Place Value: Hundreds
What you'll learn: You'll discover how three-digit numbers work by understanding the hundreds place—the leftmost position in numbers like 345 or 702.
What Is the Hundreds Place?
You already know that a two-digit number has a ones place (on the right) and a tens place (to its left).

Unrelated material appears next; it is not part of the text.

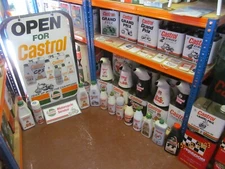 VINTAGE  CASTROL  MOTORCYCLE  SUPPER 2 STOKE ENGINE  OIL , ONE LITRE BOTTLE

When we count beyond 99, we need a third position: the hundreds place.
Think of it like stacking blocks in towers:
- Ones place = individual blocks
- Tens place = towers of 10 blocks each
- Hundreds place = giant crates holding 10 towers (or 100 blocks)

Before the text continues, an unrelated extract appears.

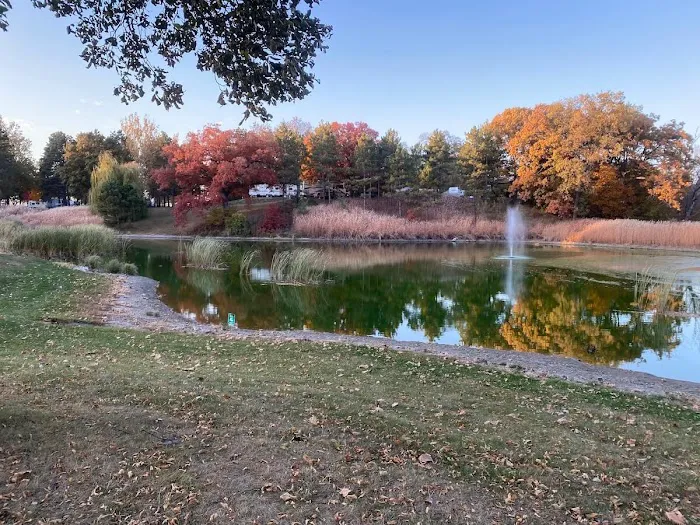 River Oaks RV Park Picture 3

Reading Three-Digit Numbers
Let's look at the number 347:
Hundreds | Tens | Ones
3 | 4 | 7
This means:
- 3 in the hundreds place = 3 groups of 100 = 300
- 4 in the tens place = 4 groups of 10 = 40
- 7 in the ones place = 7 individual ones = 7
Add them together: 300 + 40 + 7 = 347
Why Position Matters
The same digit means different amounts depending on where it sits:
- The "2" in 234 means 200 (two hundreds)
- The "2" in 524 means 20 (two tens)
- The "2" in 562 means 2 (two ones)
Each position is worth 10 times more than the position to its right.
Examples to Practice
- 805 = 800 + 0 + 5 (eight hundreds, zero tens, five ones)
- 120 = 100 + 20 + 0 (one hundred, two tens, zero ones)
- 999 = 900 + 90 + 9 (nine hundreds, nine tens, nine ones)
Key Takeaway: The hundreds place is the leftmost position in a three-digit number, representing groups of 100. Understanding this position lets you read and work with any number from 100 to 999.